Should strength and conditioning be treated as a trade rather than an academic field?
Yes. The trade is learned on the floor, not in a lecture hall. A kid who wants to coach signs up for four years of exercise science coursework that mostly does not teach them how to write a program, then graduates with debt and chases an internship. Roughly 32,000 students come out of kinesiology programs every year for about 14,000 active coaching jobs in the country. The math does not work, and the kids who chose this path are the ones paying for it.
Why is apprenticeship a better word than internship for strength coaches?
An internship sounds like a brief stop on the way to a real career. An apprentice is already in the trade. They are learning the craft by doing the craft, with a tradesman correcting them, raising the standard, and signing off when the work is good enough. That is closer to what coaching actually is. Almost everything a coach learns comes from reps with athletes, mistakes, and conversations with people who have been doing the work longer.
What does "absorb, modify, apply" mean for coaches?
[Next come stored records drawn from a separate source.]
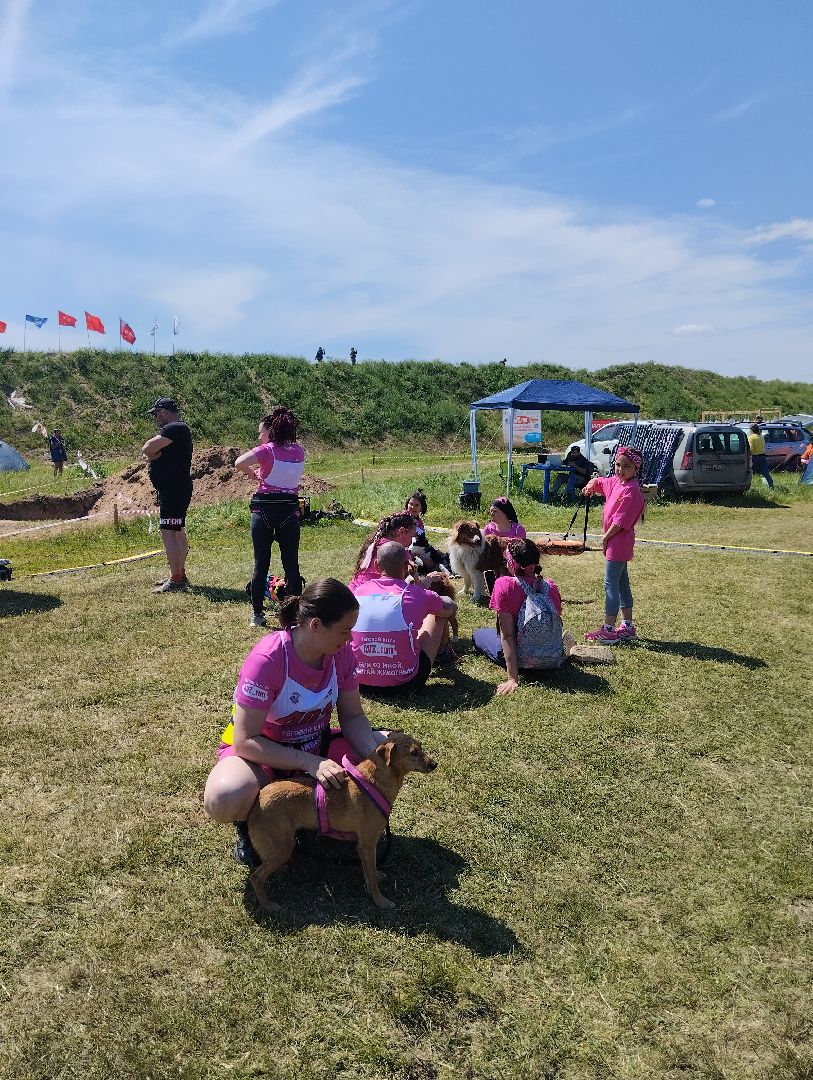 Хвостатый драйв, забег с препятствиями,спорт, Старая Купавна, Богородский городской округ,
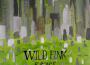 Wild Pink歌曲歌詞大全_Wild Pink最新歌曲歌詞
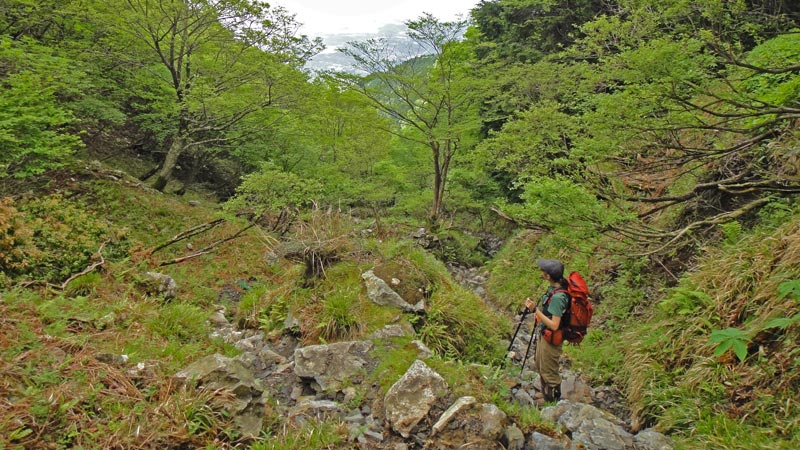f:id:show_mountain:20220105112220j:plain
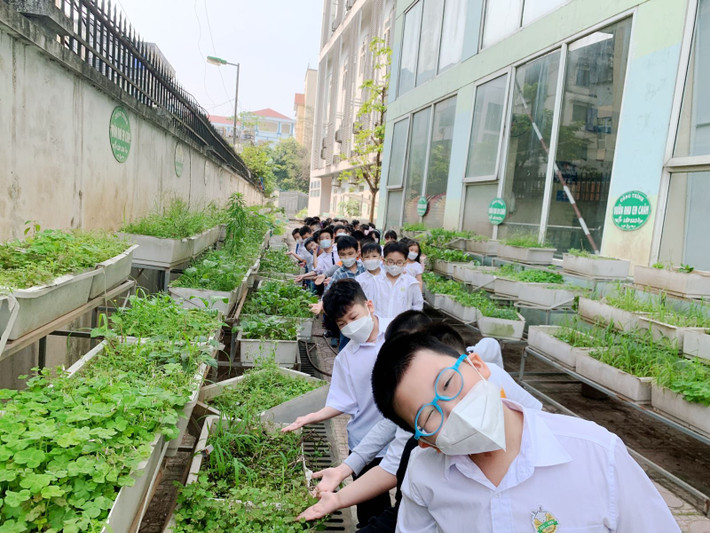 Học sinh lớp 1 lần đầu đến trường nên được đến thăm quan từ khu bếp ăn, khu vệ sinh, thư viện, vườn rau… Học sinh lớp 1 lần đầu đến trường nên được đến thăm quan từ khu bếp ăn, khu vệ sinh, thư viện, vườn rau…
The phrase comes from Joe Kenn and describes how coaches should integrate new ideas. Absorb means understanding what a system actually is before changing anything. Modify means adapting it for the athletes in front of you. Apply is the last step, not the first. The common failure mode is coaches jumping straight to apply. They read a few articles, throw out a system they have run for twenty years, and paste a new one on top with no interpretation and no principle behind it.
Why does lineage matter in strength and conditioning?
Lineage tells other coaches what you know, how you think, and what your defaults are. It is context, not a credential. In a jiu jitsu academy, the question of who you trained under gets asked on day one. Strength and conditioning should ask it more. When two coaches sit down and map their lineage, they are not strangers debating templates. They are coaches comparing how they each absorbed and modified the same source material.